Die Beendigung des Kolonialkrieges und die Anerkennung der Unabhängigkeit Algeriens durch de Gaulle war eine von vielen, aber durchaus nicht allen Franzosen als staatsmännisch weise beurteilte Entscheidung. Quer durch alle Schichten und Parteien - auch bei Sozialisten und Kommunisten - bedauerten nicht wenige den »Verlust« Algeriens. Wegen der im Évian-Abkommen festgeschriebenen Amnestie für alle während des Krieges verübten Straftaten, darunter massenhafte Folter von Gefangenen, fand eine Aufarbeitung dieser Ereignisse nicht oder erst viele Jahre später statt. Viele Bücher und Filme darüber waren noch lange verboten. Dass es sich in Algerien um einen »Krieg« und nicht - wie es offiziell immer hieß - um »Ereignisse« gehandelt hatte, wurde erst 1999 durch Präsident Jacques Chirac anerkannt. Auch sein Vorgänger, der sozialistische Präsident François Mitterrand, hatte sich nicht dazu durchringen können. Mitterrand war seinerzeit als Innen- und Justizminister für die Politik gegenüber dem Befreiungskampf in Algerien mitverantwortlich gewesen und hatte Gnadengesuche von zum Tode Verurteilen durchweg abgelehnt.
Differenzen in der Bewertung des Krieges kommen zu jedem Jahrestag wieder hoch und werden in den Medien heftig diskutiert.
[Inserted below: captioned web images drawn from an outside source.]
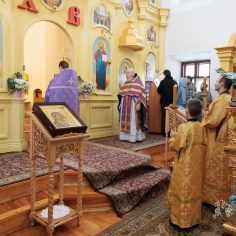 Великий Четверг. Божественная литургия.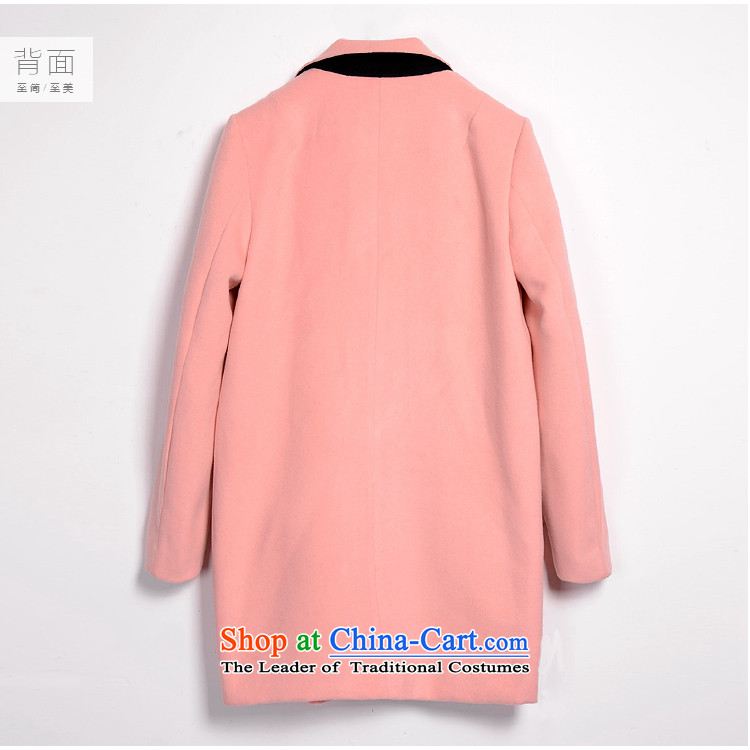 The 2015 autumn and winter Ms. new Korean thick duplex?? long coats Gross Gross coats of female Red? M picture, prices, brand platters! The elections are supplied in the national character of distribution, so action, buy now enjoy more preferential! As soon as possible.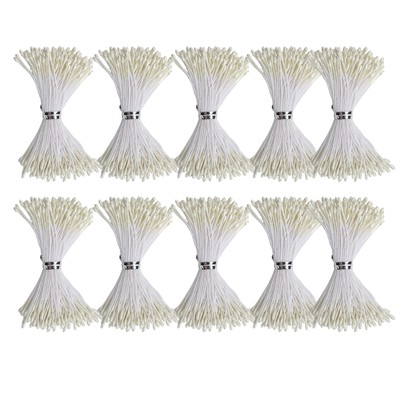900Pcs Flower Stamen Pearl Stamen Pistil Artificial Bouquet Double(1mm)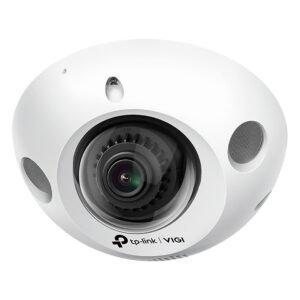 CAMARA/TPLINK VIGI C230I MINI 2.8MM/3 MEGAPIXILES/ ONVIF/POE/ PROTECCION IK08/ AUDIO BI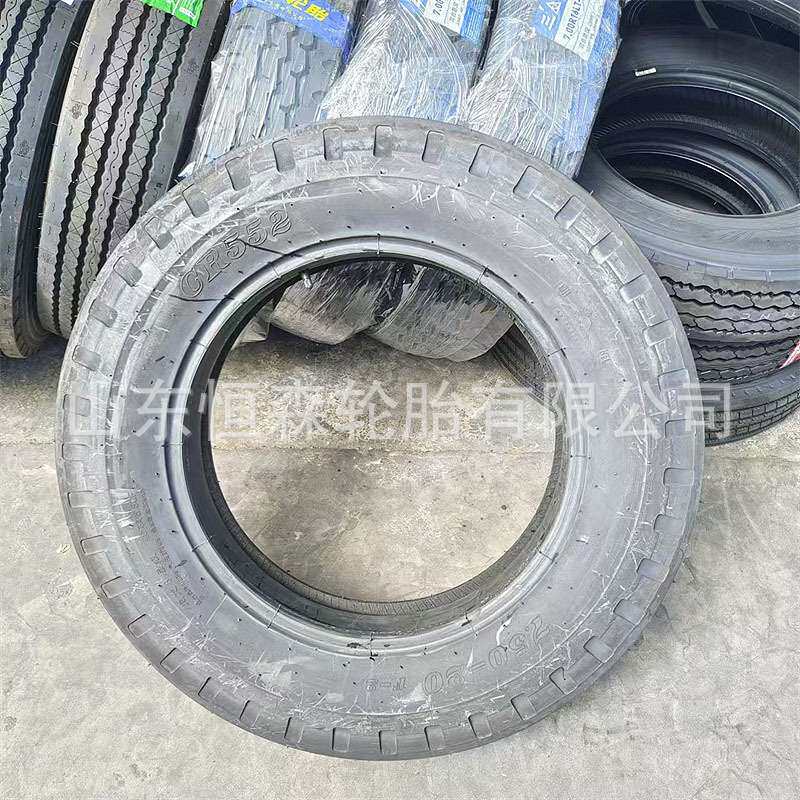 朝阳750-20农用导向轮轮胎 750-650-550-16 500-15拖拉机双沟轮胎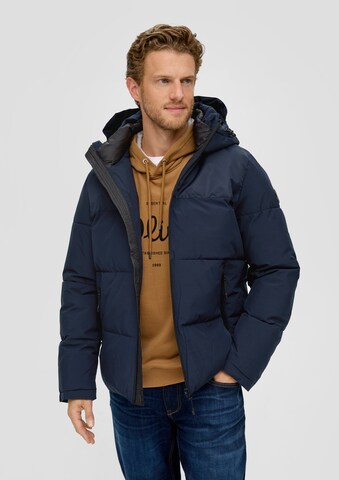 s.Oliver Between-Season Jacket in Blue: front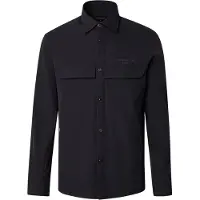 BOSS per uomo. 50560403 Camicia nera Spirit70 (S), Nero, Casual, Classico, Poliestere, Manica lunga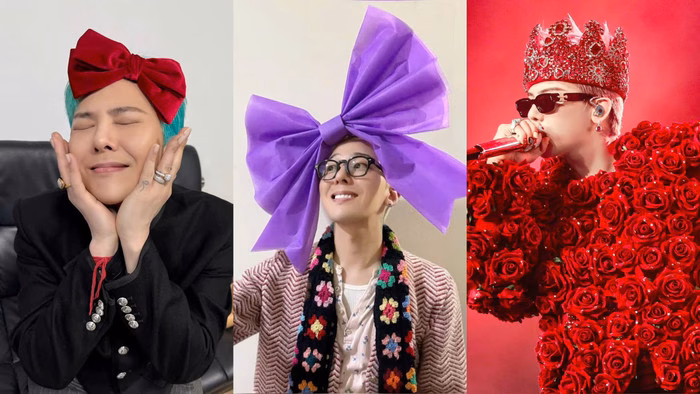 G-Dragon và những khoảnh khắc siêu nổi bật với phụ kiện cỡ lớn G-Dragon và những khoảnh khắc siêu nổi bật với phụ kiện cỡ lớn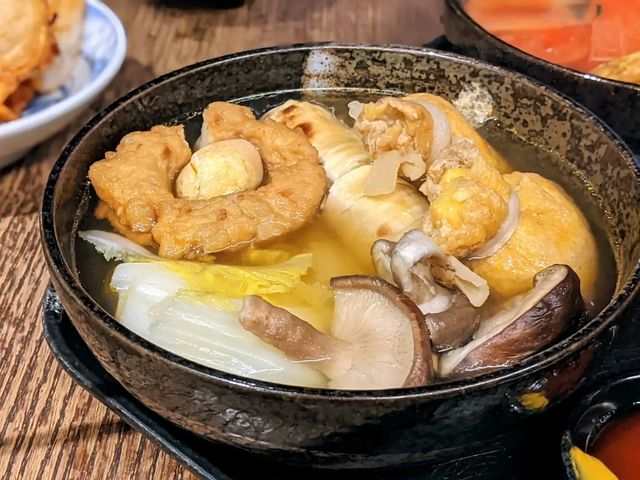 台北-東湖的人氣日式關東煮：太鼓判 ODEN BAR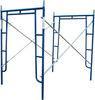 HDG EP Blue Lightweight Fabricated Frame Scaffolding For Aerial Work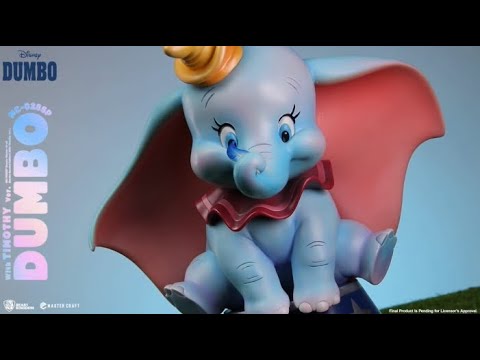 Beast Kingdom MC-028SP Dumbo Master Craft Dumbo Special Edition( With Timothy Ver.)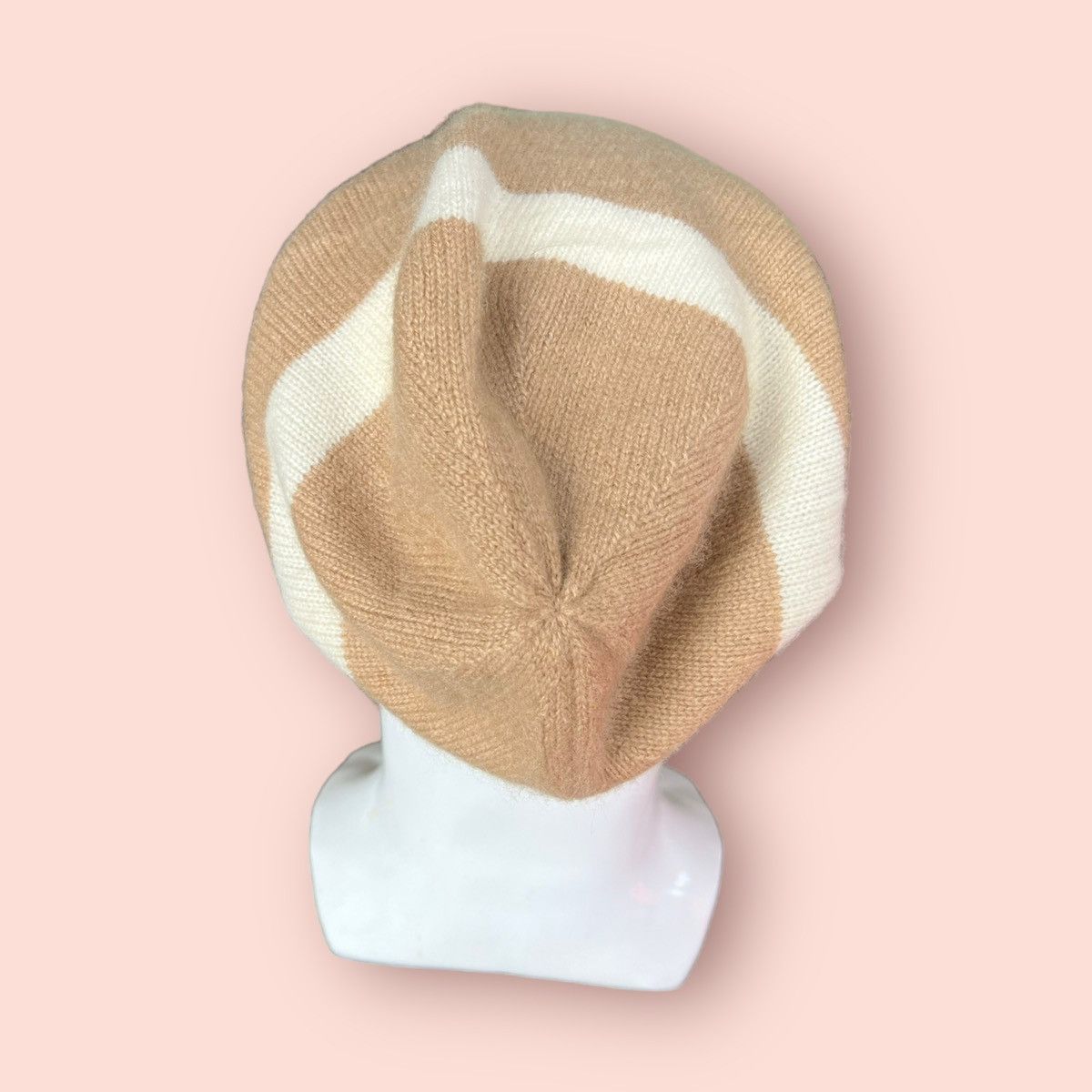 Jun Takahashi RARE UNIQLO CASHMERE STRIPES BEANIE Size ONE SIZE - 14 Thumbnail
Als der 5. Juli zum Gedenktag für die Opfer des Algerienkriegs gemacht werden sollte, protestierten ehemalige Kriegsteilnehmer scharf, während sich die »Pieds noirs« und die »Harki« gegen einen Gedenktag am 19. März - dem ersten Tag des Waffenstillstands - stemmen. Um sie bemühte sich dieser Tage wieder einmal der um seine Wiederwahl kämpfende Präsident Nicolas Sarkozy. In einer Rede in Marseille bezeichnete er das Verhalten der französischen Regierung gegenüber französischen und algerischen Kriegsflüchtlingen als »beschämend« und entschuldigte sich dafür bei ihnen.